I wonder if perhaps the dog is just a stray/wild dog that may not be in the coyote pack but that the pack may follow and harass the dog as well. Maybe they came to the area when hearing the dog carrying on. I am curious to hear whether you ever do spot them together at any point.


----------



## M.Magis (Apr 5, 2004)

I would consider it extremely uncommon, even unlikely. But, under just the right circumstances it could happen. Any chance the dog wasn't actually with the coyotes? Maybe the neighbor saw a blonde coyote and your encounter was a coincidence? It seems unlikely, just thinking out load.
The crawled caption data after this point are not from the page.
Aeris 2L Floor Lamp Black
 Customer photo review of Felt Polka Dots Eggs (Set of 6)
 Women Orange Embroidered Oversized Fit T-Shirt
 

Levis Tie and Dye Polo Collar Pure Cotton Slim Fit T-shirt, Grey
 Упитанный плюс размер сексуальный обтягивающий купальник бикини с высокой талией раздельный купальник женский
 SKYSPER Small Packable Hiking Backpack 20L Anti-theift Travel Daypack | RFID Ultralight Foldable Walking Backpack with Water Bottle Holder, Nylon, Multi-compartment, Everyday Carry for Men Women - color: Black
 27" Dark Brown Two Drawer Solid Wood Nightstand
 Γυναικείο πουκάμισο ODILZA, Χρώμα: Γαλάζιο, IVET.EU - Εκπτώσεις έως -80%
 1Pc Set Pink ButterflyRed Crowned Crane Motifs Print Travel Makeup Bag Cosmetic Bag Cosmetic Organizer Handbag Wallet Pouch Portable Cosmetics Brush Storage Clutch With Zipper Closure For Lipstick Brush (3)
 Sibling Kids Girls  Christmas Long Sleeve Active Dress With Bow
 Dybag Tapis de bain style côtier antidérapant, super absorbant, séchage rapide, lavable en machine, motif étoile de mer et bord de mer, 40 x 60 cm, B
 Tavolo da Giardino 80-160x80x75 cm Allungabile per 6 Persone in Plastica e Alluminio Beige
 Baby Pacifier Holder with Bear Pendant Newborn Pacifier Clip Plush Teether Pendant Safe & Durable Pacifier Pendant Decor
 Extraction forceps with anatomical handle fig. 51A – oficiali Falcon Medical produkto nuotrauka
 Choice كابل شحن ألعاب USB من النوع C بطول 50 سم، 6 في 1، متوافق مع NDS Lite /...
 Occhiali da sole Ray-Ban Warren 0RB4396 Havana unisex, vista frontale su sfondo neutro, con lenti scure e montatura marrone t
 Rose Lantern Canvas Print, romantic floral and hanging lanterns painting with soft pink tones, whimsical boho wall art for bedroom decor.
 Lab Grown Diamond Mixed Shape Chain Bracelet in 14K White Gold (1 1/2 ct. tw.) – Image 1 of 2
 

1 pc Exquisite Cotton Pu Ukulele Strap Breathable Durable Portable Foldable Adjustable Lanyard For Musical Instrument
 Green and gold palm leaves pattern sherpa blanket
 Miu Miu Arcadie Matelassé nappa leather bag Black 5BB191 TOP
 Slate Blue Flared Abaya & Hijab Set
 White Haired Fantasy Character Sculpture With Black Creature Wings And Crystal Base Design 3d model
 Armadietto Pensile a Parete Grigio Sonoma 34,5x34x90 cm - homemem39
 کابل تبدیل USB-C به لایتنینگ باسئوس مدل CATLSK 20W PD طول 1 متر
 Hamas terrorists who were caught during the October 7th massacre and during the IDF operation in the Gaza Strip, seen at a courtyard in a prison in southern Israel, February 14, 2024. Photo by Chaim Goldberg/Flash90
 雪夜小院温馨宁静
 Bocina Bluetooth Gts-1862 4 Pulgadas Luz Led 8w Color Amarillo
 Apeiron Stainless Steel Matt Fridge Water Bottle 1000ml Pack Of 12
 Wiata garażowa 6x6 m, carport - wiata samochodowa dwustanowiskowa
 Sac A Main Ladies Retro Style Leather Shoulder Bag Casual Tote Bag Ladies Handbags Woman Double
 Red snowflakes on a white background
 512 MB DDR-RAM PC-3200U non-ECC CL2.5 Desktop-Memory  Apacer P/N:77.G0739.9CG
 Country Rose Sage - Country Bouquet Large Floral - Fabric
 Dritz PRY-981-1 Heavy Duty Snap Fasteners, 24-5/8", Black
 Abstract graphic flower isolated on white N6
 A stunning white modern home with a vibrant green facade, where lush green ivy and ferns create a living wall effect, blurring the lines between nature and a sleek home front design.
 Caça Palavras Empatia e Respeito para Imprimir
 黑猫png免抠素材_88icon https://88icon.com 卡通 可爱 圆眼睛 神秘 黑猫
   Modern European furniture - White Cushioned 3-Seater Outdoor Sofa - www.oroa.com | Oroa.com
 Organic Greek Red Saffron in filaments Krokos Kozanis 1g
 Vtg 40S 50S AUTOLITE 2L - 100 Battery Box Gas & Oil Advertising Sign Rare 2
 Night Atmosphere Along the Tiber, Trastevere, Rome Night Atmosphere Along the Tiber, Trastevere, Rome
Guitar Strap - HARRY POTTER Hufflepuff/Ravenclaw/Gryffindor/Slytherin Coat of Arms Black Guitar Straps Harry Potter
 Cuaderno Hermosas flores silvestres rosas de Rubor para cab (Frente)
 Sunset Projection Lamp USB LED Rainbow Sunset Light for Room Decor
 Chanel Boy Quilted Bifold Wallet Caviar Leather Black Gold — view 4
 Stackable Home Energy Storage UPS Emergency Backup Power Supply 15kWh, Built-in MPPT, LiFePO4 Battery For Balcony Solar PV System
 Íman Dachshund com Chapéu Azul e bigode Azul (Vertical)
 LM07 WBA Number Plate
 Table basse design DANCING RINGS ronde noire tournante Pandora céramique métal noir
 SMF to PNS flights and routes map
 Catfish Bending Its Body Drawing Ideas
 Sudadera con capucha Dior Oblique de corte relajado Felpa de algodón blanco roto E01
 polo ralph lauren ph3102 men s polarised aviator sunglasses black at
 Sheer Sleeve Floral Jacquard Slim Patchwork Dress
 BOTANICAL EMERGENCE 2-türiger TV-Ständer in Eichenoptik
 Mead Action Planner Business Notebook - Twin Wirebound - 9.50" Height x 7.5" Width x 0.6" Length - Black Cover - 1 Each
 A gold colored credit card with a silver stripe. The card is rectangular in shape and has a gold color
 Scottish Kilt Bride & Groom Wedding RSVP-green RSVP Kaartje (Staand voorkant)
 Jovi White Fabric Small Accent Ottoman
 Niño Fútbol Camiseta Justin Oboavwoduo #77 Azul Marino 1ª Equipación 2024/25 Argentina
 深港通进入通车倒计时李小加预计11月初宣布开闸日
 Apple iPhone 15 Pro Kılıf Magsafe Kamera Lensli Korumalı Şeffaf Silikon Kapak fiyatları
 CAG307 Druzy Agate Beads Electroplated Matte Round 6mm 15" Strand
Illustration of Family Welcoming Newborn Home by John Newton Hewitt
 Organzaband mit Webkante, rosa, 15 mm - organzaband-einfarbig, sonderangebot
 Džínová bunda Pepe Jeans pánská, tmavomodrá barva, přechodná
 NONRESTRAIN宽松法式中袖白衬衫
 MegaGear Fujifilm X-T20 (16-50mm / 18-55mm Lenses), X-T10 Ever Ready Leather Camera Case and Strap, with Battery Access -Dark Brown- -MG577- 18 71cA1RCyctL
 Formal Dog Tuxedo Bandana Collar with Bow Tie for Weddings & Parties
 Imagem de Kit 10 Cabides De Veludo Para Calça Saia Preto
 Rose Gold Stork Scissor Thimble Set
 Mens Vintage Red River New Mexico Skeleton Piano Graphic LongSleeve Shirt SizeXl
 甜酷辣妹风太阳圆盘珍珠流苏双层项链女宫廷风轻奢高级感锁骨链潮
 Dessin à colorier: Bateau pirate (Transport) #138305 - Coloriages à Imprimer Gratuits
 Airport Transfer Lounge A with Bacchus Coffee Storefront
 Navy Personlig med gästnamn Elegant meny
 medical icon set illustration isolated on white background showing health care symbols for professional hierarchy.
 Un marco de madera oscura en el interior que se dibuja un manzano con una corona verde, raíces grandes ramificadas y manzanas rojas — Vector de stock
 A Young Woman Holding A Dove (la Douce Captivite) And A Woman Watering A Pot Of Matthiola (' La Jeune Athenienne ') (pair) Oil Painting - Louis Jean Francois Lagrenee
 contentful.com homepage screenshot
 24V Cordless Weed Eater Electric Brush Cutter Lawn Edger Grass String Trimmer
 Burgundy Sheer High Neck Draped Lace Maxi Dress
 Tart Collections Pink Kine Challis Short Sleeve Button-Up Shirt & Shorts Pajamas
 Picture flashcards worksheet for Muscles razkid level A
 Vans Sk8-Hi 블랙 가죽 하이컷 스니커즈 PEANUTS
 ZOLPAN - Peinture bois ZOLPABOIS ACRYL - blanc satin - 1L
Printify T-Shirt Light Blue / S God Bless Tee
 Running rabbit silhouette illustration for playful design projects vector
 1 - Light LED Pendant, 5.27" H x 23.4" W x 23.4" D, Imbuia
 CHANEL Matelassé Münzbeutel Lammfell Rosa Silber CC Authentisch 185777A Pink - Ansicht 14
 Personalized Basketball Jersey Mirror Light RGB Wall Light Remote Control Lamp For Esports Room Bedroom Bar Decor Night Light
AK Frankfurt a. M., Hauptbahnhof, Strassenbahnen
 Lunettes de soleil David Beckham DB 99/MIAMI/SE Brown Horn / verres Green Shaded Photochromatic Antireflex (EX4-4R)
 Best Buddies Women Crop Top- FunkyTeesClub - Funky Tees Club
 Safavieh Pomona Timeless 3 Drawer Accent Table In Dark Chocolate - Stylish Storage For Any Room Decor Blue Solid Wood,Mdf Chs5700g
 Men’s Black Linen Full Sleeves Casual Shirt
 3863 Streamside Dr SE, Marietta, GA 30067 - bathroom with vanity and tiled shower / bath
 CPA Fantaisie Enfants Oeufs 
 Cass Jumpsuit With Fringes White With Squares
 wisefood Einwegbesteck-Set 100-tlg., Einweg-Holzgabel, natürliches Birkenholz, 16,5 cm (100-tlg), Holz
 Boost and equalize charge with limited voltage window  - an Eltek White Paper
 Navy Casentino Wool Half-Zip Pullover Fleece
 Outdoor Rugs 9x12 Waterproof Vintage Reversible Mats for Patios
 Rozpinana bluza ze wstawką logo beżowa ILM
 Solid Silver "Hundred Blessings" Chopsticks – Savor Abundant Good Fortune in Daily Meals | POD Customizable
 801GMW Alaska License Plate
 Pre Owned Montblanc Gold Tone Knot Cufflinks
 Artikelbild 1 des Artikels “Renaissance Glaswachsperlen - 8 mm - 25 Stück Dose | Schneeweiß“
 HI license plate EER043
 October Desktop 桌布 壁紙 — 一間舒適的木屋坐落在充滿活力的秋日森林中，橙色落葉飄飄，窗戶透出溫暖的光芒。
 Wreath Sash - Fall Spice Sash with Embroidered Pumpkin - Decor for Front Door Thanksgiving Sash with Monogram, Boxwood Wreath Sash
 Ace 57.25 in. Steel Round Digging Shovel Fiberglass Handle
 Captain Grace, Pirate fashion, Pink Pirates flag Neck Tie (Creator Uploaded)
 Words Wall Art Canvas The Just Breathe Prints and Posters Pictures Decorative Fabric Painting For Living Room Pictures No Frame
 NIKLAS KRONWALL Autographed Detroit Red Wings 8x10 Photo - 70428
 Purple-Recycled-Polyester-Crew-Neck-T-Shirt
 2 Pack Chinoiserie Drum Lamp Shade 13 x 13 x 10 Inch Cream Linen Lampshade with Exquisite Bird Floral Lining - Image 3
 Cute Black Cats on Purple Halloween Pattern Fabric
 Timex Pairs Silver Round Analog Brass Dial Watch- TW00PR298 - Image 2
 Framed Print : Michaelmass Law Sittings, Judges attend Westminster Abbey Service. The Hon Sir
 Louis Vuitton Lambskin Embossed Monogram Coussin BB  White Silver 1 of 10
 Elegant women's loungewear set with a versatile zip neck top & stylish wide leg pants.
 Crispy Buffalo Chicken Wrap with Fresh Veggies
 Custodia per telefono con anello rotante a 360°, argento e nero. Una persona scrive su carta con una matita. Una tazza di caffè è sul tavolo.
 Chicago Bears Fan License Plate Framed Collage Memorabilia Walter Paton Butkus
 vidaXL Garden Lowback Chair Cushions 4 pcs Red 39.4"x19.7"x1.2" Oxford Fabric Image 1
Either way the dog needs disposed of. There's nothing in the Ohio woods more dangerous than a feral dog. I hope you get him. I'll mention it to your neighbors as well.


----------



## Lewis (Apr 5, 2004)

Thanks for the input.
I have heard stories before about dogs,coyotes and coydogs and always wondered if it was just a myth.
It might have just been coincidence.
Not much in the woods I am afraid of,but being cornered by that 80lbs of wild,snarling, snapping teeth in the middle of the afternoon in my front yard sure got my attention.
I let my neighbors know to watch out for this dog.
I plan to put one of my tree stands to good use before deer season


----------



## foundationfisher (May 12, 2008)

when i was a kid back in the 60's i heard stories of wild dogs in ohio. read an article in sports afield or outdoor life about a guy and his dog being attacked by a pack. the guy climbed a tree, but his dog got eat. in the late 70's, early 80's (can't remember) when fur prices were really high, a guy had some fox traps set. one night he caught 3 coydogs (so the mt. vernon paper said). was at a 'yote hunting seminar and a professional hunter said there was only 1 coydog ever confirmed, bred in a lab via artificial insemination. i think the trapper was catching real 'yotes before anyone knew they were around. he also said 'yotes eat dogs. he lived in the 5th largest city in pa. (didn't say where). the city was doing a sewer project, and dug up a sewer with a coyote den inside and they found 50 dog collars. the show on natgeo, life after people (something like that) said dogs can't survive without people. they've lost the ability to survive or become wild. the folks i talked to when i was a kid never left the house without a gun. they often had to use it. hope this helps. keep your 870 handy , hope you get the beast.


----------



## Darwin (Apr 12, 2004)

I would agree with what has been said, it is highly unlikely a dog is running with coyotes.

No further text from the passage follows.